Category Archives: OpenCV

Project - Barcode segmentation and decoding

In the 3 previous articles I explained how to develop a really simple barcode decoding algorithm. This program was really naive and only worked with really clean barcodes.
As an assignment for a school project, a more advanced version was developed. The program can now detect and decode EAN13 barcodes in large images with various objects and different backgrounds.

Demonstration

Here are the output images of the program. Red rectangles indicates that the segmentation phase detected a potential barcode but the decoding phase rejected it. Green rectangles indicates that a barcode was found and correctly decoded (using the check digit equation, we can detect most decoding errors).

Click on the images for a better view of the output.

As you can see, there were some vicious images :), especially the one with the wooden floor that totally messed up our segmentation, fortunately, the decoding process rejected all those potential barcodes.

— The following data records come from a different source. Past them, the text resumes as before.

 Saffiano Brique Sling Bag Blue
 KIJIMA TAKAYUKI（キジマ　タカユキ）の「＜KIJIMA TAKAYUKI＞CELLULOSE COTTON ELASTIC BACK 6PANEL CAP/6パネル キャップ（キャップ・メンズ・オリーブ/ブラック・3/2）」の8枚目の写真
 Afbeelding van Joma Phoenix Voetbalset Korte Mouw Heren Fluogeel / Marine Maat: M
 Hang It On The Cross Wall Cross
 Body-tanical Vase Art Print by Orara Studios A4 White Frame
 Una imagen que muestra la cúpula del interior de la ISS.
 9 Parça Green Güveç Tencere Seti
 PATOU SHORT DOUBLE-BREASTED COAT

The barcodes themselves are sometimes really noisy. If you zoom on some of them you will notice there are large changes in illumination, a low resolution, low contrasts... These problems required an approach much more robust than the one described in the previous articles.

OpenCV - UPC Barcode Reader Part 3

After explaining how the UPC system works in Part 1, I have shown how to decode a digit from an image in Part 2 of this serie. In this article I will now demonstrate how to read the entire barcode.

Helper functions

We will need other helper functions for this last task.

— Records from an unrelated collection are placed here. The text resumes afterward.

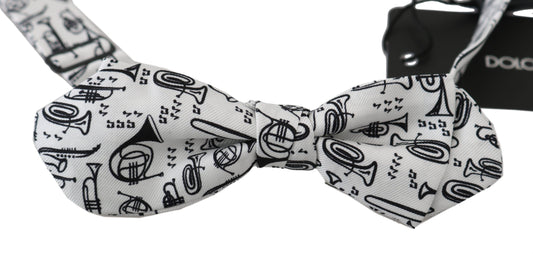 White Instruments Adjustable Neck Papillon Men Bow Tie Dolce & Gabbana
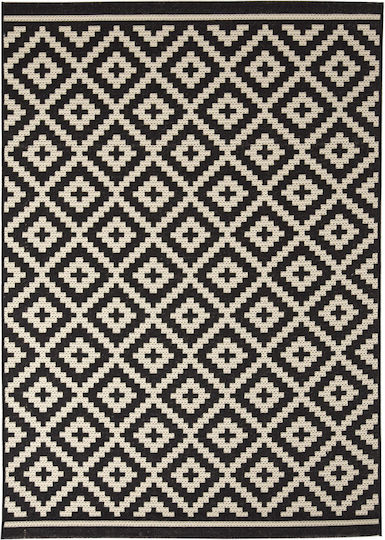 Royal Carpet Flox 721K Χαλί Διάδρομος Καλοκαιρινό Ψάθινο Black 67x240cm
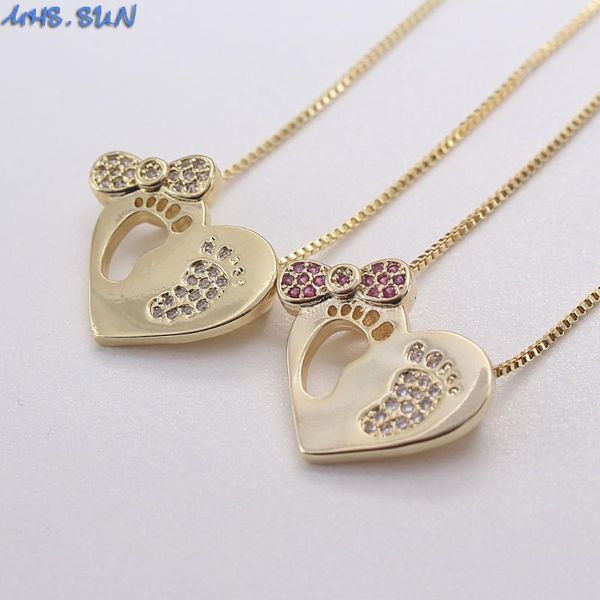 mhs.sun cute small heart footprint mosaic cz pendant necklace for women/girls choker fashion chain party gift chains, Silver
mhs.sun cute small heart footprint mosaic cz pendant necklace for women/girls choker fashion chain party gift chains, Silver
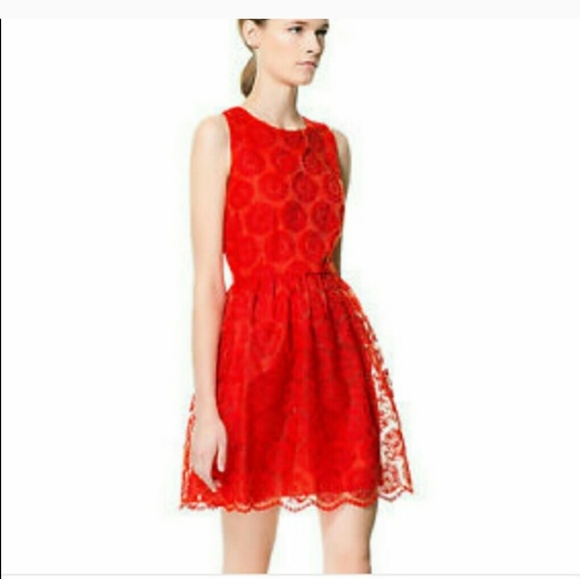 Zara red sheath party dress - Picture 2 of 13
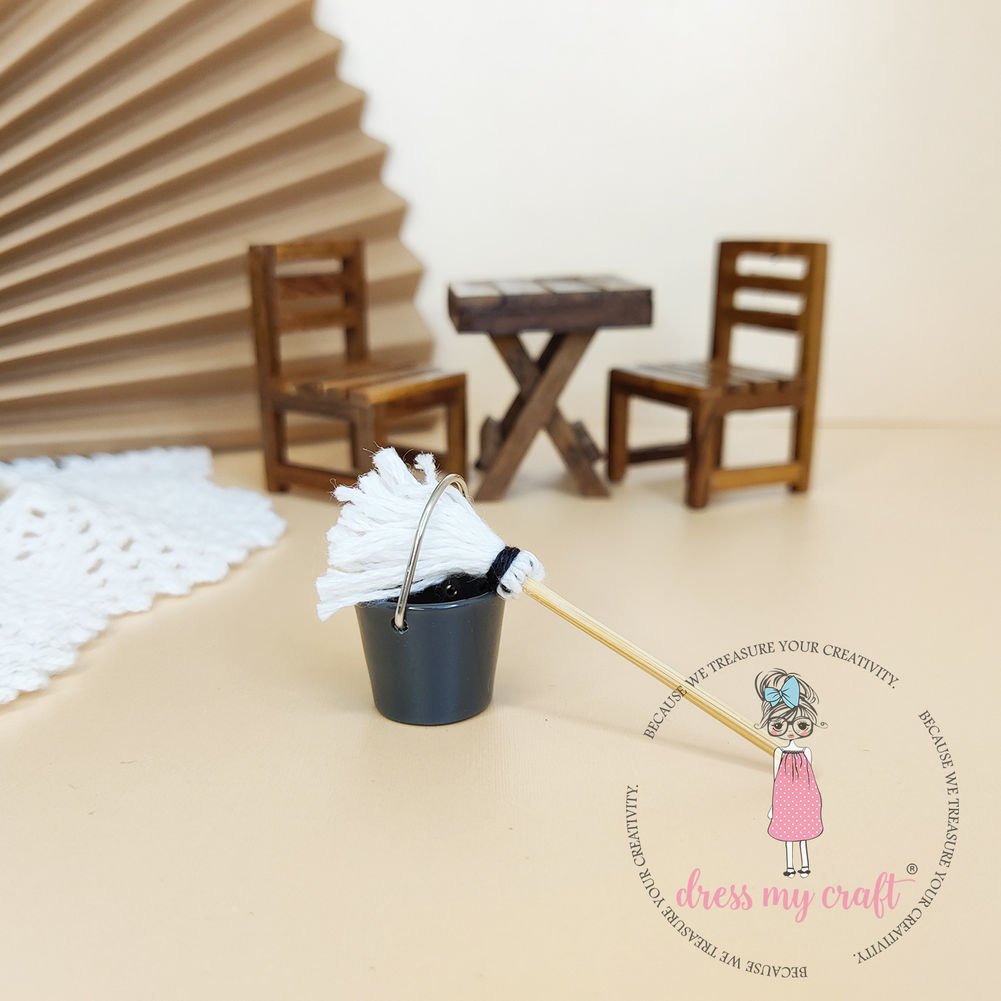 Miniature Bucket With Mop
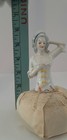 Antique German Half Doll Pin Cushion W  Base  8030 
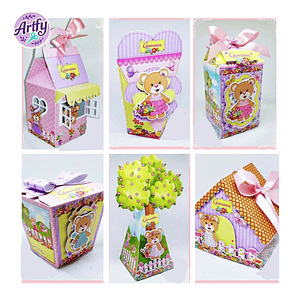 Caixinhas - Jardim da Ursinhas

We need a function to skip the quiet zone, skip_value advances the scan pointer to the guard pattern

void skip_quiet_zone(const Mat& img, cv::Point& cur)
{
  while (img(cur) == SPACE)
    ++cur.x;
}

We need a function to read the left guard and return the smallest width.

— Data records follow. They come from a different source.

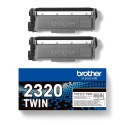 Brother TN | 2320 TWIN | Czarny | Kaseta z tonerem | 2600 stron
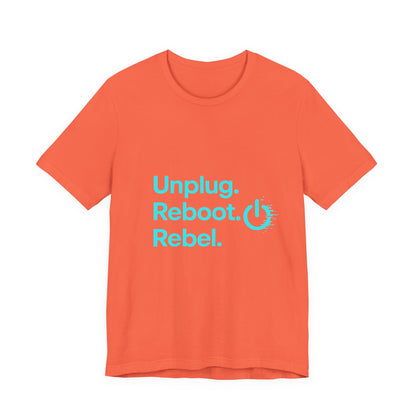 Rebel Spirit Unisex Tee - Fun Casual Graphic Shirt, Perfect for Gamers, Tech Lovers, Gift for Friends, Unique Birthday Apparel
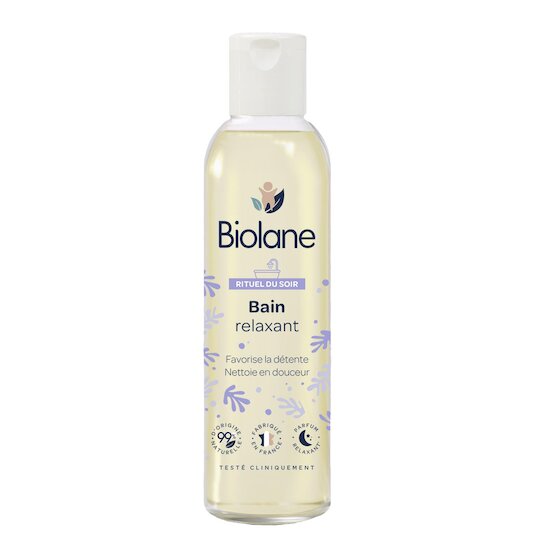 Biolane Bain relaxant Lila et blanc 150ml Biolane Bain relaxant Lila et blanc 150ml
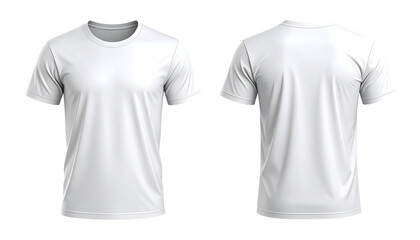 Fototapeta premium Front and back view of a plain white t-shirt (2)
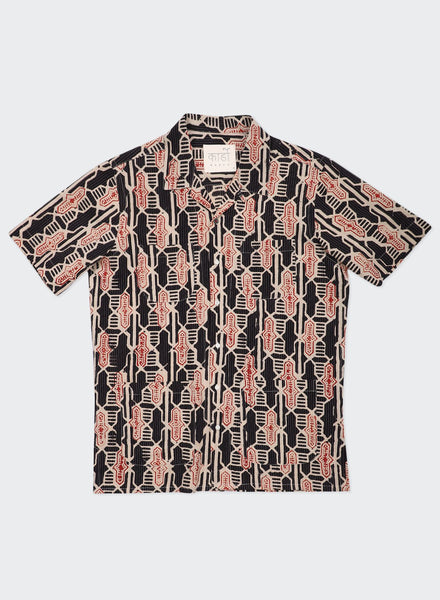 Alfred Block Print Shirt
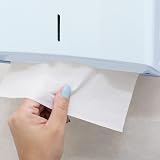Jofel Z-Fold Paper Towel Dispenser White ABS Locking Lid Holds 600 Z-Fold Towels view 3
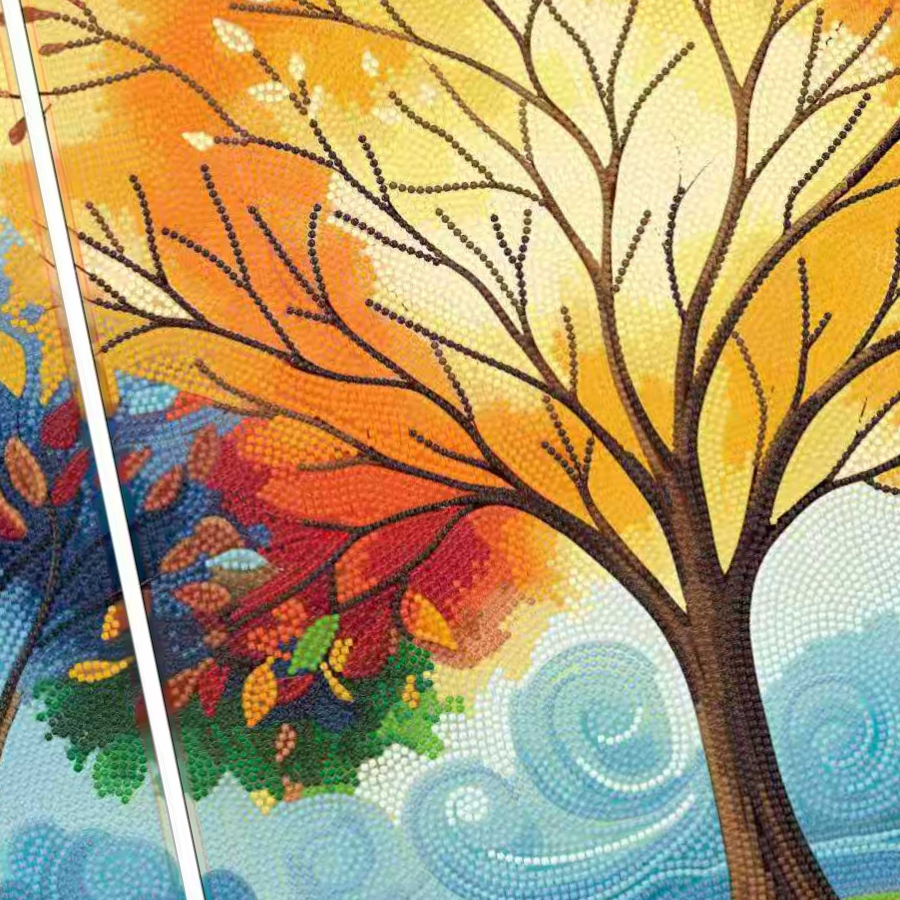 Autumn Trio Crystal Art Canvas Triptych Kit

unsigned read_lguard(const Mat& img, cv::Point& cur)
{
  int widths[3] = { 0, 0, 0 };
  int pattern[3] = { BAR, SPACE, BAR };
  for (int i = 0; i < 3; ++i)
    while (img(cur) == pattern[i])
    {
      ++cur.x;
      ++widths[i];
    }
  return widths[0];
}

Here I only return the first width but the best would be to compute the mean. Even better would be to scan the right guard and compute the mean/median of all values. This would be much better for noisy images.

We also need a function to skip the middle guard, note that we don't care about the width right now.

void skip_mguard(const Mat& img, cv::Point& cur)
{
  int pattern[5] = { SPACE, BAR, SPACE, BAR, SPACE };
  for (int i = 0; i < 5; ++i)
    while (img(cur) == pattern[i])
      ++cur.x;
}

Reading the barcode

We have everything we need, the rest is simple: we load the image, we invert it, threshold it, we compute the smallest width with the left guard, we read the 6 left digits, the middle guard, the 6 right digits and that's all ! At the end we print the decoded sequence.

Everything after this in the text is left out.